David Martin

No. 33, 9, 34, 13, 25
- Position: Cornerback

Personal information
- Born: March 15, 1959 Philadelphia, Pennsylvania, U.S.
- Listed height: 5 ft 9 in (1.75 m)
- Listed weight: 193 lb (88 kg)

Career information
- High school: John Bartram (Philadelphia)
- College: Villanova
- NFL draft: 1981: 9th round, 240th overall pick

Career history
- Detroit Lions (1981)*; Kansas City Chiefs (1982)*; Denver Gold (1983–1985); Arizona Wranglers (1985); San Diego Chargers (1986); Montreal Alouettes (1986); Buffalo Bills (1987);
- * Offseason or practice squad member only

Awards and highlights
- 3× All-USFL (1983–1985); Second-team All-East (1980);

Career NFL statistics
- Sacks: 1
- Stats at Pro Football Reference

= David Martin (cornerback) =

American football player (born 1959)

David Martin (born March 15, 1959) is an American former professional football player who was a cornerback in the National Football League (NFL), Canadian Football League (CFL) and United States Football League (USFL). He played college football for the Villanova Wildcats.

==Early life==
Martin was born and grew up in Philadelphia, Pennsylvania, and attended John Bartram High School.

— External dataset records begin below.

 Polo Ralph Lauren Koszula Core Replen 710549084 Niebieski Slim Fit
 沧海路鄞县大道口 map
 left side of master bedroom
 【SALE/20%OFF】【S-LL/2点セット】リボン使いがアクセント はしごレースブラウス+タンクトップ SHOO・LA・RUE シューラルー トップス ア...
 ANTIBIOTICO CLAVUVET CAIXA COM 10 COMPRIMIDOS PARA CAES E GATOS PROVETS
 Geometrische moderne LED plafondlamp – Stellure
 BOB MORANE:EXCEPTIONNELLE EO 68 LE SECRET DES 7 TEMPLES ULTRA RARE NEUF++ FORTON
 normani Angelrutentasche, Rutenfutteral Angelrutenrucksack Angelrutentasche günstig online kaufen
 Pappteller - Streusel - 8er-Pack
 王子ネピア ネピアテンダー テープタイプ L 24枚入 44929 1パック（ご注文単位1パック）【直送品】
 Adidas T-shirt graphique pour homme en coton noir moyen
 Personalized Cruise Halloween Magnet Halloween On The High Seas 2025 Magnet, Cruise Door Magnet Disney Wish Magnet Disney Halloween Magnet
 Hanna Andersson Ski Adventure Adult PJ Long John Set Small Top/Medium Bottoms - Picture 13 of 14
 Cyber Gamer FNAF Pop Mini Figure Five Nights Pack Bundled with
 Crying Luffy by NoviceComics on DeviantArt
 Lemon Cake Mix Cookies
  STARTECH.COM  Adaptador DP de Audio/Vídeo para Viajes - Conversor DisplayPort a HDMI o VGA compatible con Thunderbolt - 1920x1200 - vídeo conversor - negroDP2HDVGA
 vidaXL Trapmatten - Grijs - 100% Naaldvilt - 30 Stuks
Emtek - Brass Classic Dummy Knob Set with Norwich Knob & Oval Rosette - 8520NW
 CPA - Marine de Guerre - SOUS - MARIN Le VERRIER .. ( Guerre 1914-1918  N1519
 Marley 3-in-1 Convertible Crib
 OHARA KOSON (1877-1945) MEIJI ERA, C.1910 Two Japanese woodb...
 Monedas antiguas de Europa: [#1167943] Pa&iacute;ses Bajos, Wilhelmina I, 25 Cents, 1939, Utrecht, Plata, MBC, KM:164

He was named to the Philadelphia Public League's All-Decade football team for the 1970s by the Philadelphia Daily News.

==College career==
Martin was a member of the Villanova Wildcats for four seasons. He tied for the team lead with four interceptions as a sophomore. He finished his collegiate career with ten interceptions and returned 31 punts for 387 yards and two touchdowns and 16 kickoffs for 302 yards.

==Professional career==
Martin was selected in the ninth round of the 1981 NFL draft by the Detroit Lions, but was cut during training camp. He was signed in by the Denver Gold of the newly formed United States Football League (USFL) in 1983 and was named All-USFL in his first season after intercepting six passes. Martin was named All-USFL as both a defensive back and as a punt returner 1984. Martin was traded to the Arizona Outlaws during the 1985 season and was again named All-USFL.

Martin began the 1986 season with the San Diego Chargers and played in four games with the team before being released. He was signed by the Montreal Alouettes of the Canadian Football League (CFL) and spent the rest of 1986 with the team. Martin became a free agent when Montreal suspended team operations and was signed by the Buffalo Bills on July 27, 1987. Martin was cut at the end of training camp, but was re-signed by the Bills in October 1987 as a replacement player during the 1987 NFL players strike, recording a sack in three games played before being released after the strike ended.